Task to carry out: There should be no pictures in your answer, only an exact copy of the lines from the one with "[微信坦克秒收藏转发朋友圈]，如何让别人看不了微信背景墙" through the end of the material.

Data for the task:
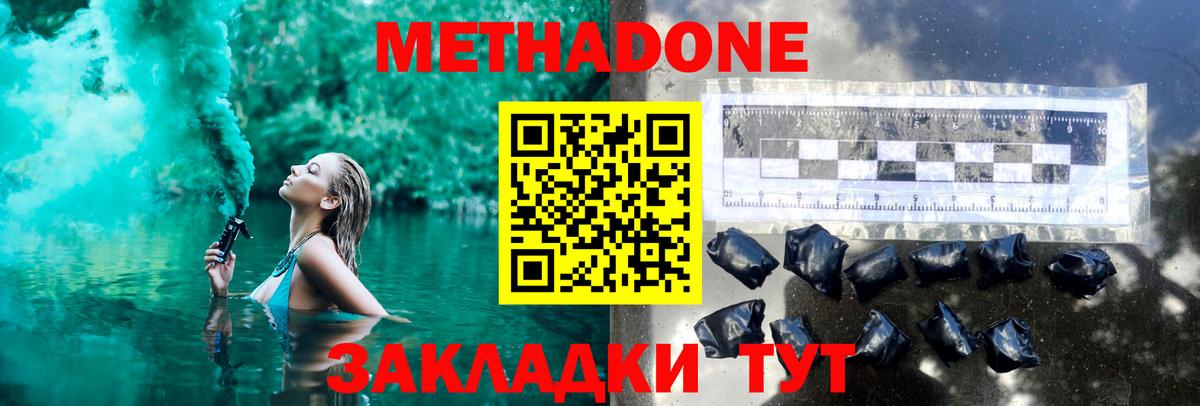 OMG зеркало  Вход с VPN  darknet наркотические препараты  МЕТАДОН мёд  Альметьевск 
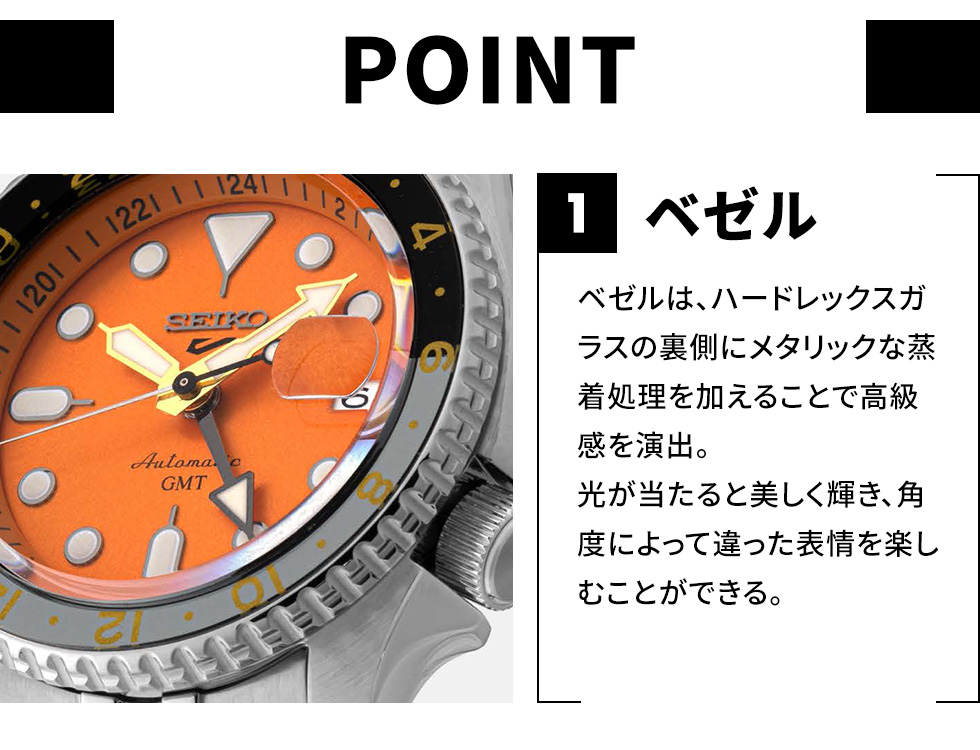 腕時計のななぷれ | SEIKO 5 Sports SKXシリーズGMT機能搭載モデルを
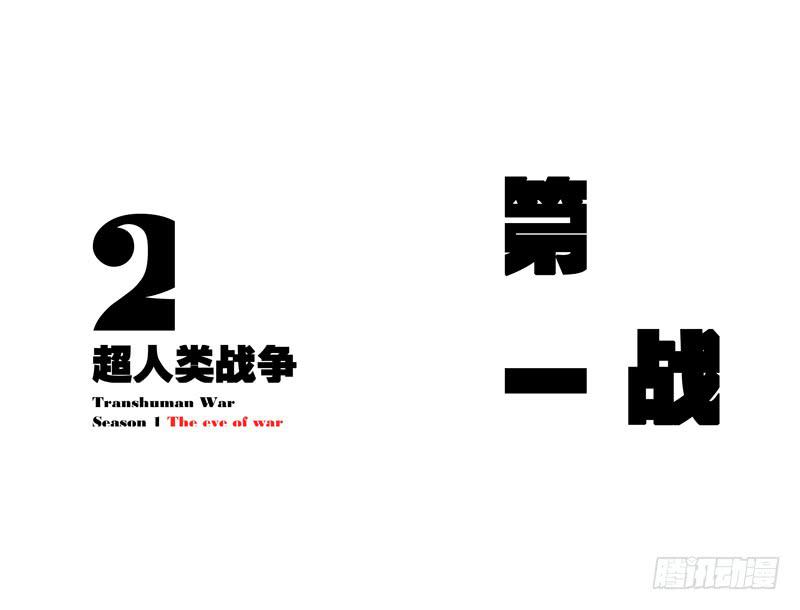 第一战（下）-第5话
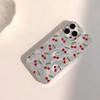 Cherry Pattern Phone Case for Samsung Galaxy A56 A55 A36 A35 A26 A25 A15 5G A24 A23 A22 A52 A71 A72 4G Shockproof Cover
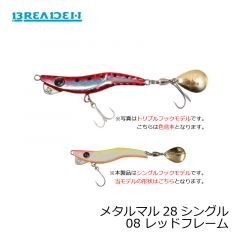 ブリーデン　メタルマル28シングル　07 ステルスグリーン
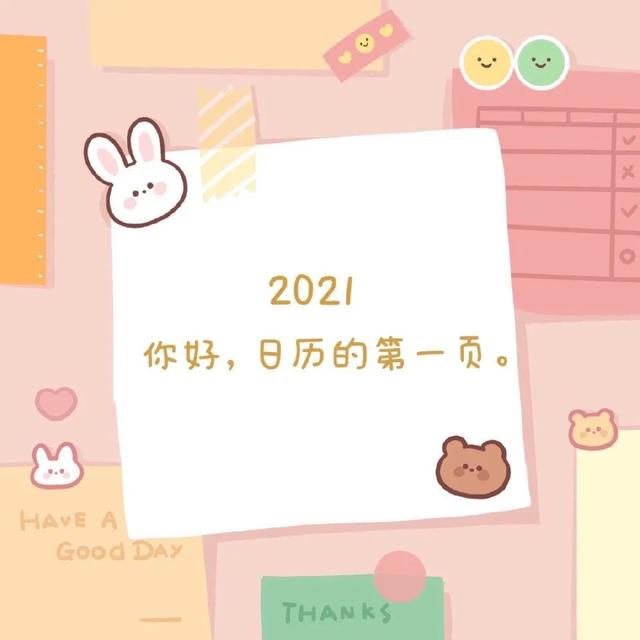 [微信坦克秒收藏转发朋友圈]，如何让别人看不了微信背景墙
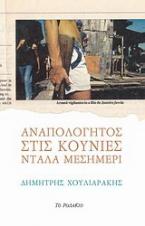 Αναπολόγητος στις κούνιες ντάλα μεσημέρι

Solved problem:
 [微信坦克秒收藏转发朋友圈]，如何让别人看不了微信背景墙
 Αναπολόγητος στις κούνιες ντάλα μεσημέρι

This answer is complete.